Emily Rios says she “can’t even count” how many girls became mothers at her high school in El Monte outside Los Angeles, where 72 percent of the population is Hispanic.
Rios was the lead actress in the award-winning movie “Quinceanera,” which follows a 14-year-old from a Mexican family living in Los Angeles who finds herself pregnant before her much-awaited “quinceanera,” or 15th birthday party.
“Maybe they just think it’s the life that they are supposed to live,” she told Reuters in an interview.
With many girls growing up in immigrant families from countries where women are encouraged to have children young, the cultural pressures are strong.
“Most Latino mothers had their children at an early age.
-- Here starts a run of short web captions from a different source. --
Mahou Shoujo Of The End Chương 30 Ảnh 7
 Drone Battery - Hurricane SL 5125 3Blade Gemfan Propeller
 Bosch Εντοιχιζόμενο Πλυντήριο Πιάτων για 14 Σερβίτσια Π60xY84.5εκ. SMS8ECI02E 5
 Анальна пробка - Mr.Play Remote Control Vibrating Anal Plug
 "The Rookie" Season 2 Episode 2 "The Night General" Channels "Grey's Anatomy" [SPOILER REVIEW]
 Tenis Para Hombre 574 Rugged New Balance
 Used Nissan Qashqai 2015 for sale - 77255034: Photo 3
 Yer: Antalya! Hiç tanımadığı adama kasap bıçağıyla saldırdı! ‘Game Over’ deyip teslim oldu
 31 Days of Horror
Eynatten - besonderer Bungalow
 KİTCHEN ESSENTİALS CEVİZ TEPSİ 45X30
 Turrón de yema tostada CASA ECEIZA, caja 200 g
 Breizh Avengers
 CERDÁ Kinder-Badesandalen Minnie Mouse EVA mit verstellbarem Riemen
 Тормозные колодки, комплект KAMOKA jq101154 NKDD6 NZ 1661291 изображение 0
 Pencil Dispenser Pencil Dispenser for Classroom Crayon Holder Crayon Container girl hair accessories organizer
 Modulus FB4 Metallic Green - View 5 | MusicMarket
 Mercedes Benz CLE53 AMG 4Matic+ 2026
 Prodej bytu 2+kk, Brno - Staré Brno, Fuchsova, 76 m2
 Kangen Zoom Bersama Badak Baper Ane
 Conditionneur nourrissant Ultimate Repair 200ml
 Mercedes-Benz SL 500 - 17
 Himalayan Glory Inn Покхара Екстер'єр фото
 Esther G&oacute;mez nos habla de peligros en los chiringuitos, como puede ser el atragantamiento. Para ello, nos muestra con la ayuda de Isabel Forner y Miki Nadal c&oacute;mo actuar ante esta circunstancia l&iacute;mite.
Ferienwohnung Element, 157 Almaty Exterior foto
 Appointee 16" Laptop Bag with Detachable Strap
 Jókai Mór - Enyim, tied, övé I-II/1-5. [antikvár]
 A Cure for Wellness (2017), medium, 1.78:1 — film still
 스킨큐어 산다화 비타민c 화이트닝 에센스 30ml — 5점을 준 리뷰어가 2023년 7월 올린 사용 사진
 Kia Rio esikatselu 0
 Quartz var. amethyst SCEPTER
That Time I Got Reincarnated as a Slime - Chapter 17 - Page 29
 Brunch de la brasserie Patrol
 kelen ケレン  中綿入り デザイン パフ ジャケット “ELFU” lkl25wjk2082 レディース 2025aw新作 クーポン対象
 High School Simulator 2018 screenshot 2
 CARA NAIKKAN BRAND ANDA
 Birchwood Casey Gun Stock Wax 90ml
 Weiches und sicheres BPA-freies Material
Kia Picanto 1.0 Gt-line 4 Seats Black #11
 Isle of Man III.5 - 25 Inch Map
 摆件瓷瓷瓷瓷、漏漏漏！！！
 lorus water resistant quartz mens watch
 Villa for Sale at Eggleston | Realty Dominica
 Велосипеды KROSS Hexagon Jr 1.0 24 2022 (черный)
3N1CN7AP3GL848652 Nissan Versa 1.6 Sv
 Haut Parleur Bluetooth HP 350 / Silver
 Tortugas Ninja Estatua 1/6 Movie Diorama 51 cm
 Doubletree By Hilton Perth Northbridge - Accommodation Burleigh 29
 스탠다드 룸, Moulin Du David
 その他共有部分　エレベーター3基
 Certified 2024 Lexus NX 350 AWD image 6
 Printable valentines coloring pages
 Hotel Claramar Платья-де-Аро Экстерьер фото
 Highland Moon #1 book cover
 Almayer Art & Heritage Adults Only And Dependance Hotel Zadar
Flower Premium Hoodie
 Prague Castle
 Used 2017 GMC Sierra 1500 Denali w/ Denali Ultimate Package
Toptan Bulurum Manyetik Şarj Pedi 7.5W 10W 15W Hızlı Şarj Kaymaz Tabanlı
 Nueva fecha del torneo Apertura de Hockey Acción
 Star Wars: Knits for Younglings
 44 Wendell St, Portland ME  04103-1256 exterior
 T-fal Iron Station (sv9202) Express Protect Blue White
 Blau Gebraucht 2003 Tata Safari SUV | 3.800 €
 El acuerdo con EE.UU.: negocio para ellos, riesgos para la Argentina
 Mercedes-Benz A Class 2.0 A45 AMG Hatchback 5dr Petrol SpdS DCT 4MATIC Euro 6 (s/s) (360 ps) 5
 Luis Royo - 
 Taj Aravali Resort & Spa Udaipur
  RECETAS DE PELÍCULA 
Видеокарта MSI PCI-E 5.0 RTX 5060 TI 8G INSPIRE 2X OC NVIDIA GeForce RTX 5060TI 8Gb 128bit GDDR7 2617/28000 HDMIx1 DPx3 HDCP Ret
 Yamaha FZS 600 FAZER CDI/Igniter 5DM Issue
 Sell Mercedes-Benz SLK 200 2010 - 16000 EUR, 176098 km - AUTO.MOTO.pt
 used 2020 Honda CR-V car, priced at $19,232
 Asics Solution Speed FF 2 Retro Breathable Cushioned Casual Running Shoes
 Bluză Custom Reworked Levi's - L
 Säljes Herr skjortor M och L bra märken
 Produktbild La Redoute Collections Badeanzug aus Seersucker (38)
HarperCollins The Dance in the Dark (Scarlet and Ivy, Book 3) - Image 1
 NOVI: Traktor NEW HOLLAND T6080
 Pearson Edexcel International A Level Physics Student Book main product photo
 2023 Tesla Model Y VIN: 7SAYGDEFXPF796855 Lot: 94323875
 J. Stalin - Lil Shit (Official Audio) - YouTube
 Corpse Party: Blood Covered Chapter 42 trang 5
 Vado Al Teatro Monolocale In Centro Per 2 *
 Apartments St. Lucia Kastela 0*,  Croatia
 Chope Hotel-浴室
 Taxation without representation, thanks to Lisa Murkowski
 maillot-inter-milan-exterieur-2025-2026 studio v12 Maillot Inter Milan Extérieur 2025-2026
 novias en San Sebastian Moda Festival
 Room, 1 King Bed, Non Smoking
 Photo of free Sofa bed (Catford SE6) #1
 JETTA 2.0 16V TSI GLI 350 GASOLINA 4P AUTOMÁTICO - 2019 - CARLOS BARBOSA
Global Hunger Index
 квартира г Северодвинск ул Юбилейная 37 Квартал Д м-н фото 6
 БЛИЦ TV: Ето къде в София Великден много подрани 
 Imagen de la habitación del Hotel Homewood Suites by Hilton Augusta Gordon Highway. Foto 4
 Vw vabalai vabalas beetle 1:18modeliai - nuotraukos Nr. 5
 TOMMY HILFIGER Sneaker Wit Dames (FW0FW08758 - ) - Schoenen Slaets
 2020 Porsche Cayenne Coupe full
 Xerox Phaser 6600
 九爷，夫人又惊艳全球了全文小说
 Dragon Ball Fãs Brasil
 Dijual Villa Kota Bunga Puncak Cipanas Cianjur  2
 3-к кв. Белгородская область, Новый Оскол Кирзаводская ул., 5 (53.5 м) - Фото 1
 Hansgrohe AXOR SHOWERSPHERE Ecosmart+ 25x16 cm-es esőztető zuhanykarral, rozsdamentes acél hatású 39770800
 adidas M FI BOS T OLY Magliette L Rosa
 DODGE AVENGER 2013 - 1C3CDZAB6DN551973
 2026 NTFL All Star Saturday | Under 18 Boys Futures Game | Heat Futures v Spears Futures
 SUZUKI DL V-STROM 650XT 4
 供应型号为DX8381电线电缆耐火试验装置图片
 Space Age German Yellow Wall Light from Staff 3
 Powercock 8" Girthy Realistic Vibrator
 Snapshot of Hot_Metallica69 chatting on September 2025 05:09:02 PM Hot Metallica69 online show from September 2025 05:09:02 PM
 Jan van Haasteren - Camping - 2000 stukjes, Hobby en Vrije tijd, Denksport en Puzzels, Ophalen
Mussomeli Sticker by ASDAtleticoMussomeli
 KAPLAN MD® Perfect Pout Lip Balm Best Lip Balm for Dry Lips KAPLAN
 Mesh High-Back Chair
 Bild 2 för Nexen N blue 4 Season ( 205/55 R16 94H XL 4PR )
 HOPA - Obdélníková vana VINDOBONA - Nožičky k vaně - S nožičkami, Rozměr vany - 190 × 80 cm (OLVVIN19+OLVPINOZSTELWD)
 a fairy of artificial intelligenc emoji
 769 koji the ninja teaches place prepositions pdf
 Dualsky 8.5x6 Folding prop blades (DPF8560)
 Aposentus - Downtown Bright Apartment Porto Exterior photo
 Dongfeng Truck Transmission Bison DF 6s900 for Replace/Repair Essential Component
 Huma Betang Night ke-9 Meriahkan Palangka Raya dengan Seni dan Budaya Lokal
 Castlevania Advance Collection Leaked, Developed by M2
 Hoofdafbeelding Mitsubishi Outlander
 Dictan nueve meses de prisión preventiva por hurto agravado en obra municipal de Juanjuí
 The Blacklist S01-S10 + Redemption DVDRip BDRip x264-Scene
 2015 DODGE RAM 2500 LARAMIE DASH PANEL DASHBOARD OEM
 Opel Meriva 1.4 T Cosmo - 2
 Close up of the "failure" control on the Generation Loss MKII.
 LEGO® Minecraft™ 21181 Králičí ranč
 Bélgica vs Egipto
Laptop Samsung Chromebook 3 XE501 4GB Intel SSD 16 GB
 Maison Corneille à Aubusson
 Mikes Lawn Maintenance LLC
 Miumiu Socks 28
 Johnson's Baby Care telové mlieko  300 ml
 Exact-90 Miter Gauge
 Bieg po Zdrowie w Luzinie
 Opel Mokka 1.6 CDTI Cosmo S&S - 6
So they think: ‘If it was OK for them, why can’t it be for me?’” said Neusa Gaytan, program director for the Chicago-based community group Latin Women in Action.
Most of them are Roman Catholic and less likely to use contraception or contemplate abortion, and lack sex education programs in schools with large Hispanic student populations.
Many teens grew up caring for younger siblings and are eager to have a family young, as their mothers did.
While nationwide teen birth and pregnancy rates have fallen in the United States in recent years, the reduction in teenage births has been slower among Hispanics, the country’s fastest growing minority with more than 42 million people.
Hispanic teens had 83 babies per 1,000 women aged 15 to 19 in 2004, compared to 63 for non-Hispanic African-Americans and 27 for non-Hispanic whites, the National Center for Health Statistics said in a study released at the end of last month.
Gaytan said parents need to have frank talks with their children about practicing safe sex and the risks of becoming teen parents.
Adilene Araujo, a 16-year-old Mexican student who lives near Palm Springs, California, and is expecting her first baby, agreed.
She said she thinks many Latino parents don’t want to talk about sex to their kids because they generally think it’s “too early”.
“They think their kids are too young, when they are (already) sexually active,” she said.
Rios hopes other Hispanic teens will watch will learn from “Quinceanera,” which is released on DVD in January, what they didn’t learn at home and in school.
But they are unlikely to have seen it in theaters, unless they went with their parents. Its subject ensured an “R” or “Restricted” rating for people under 17.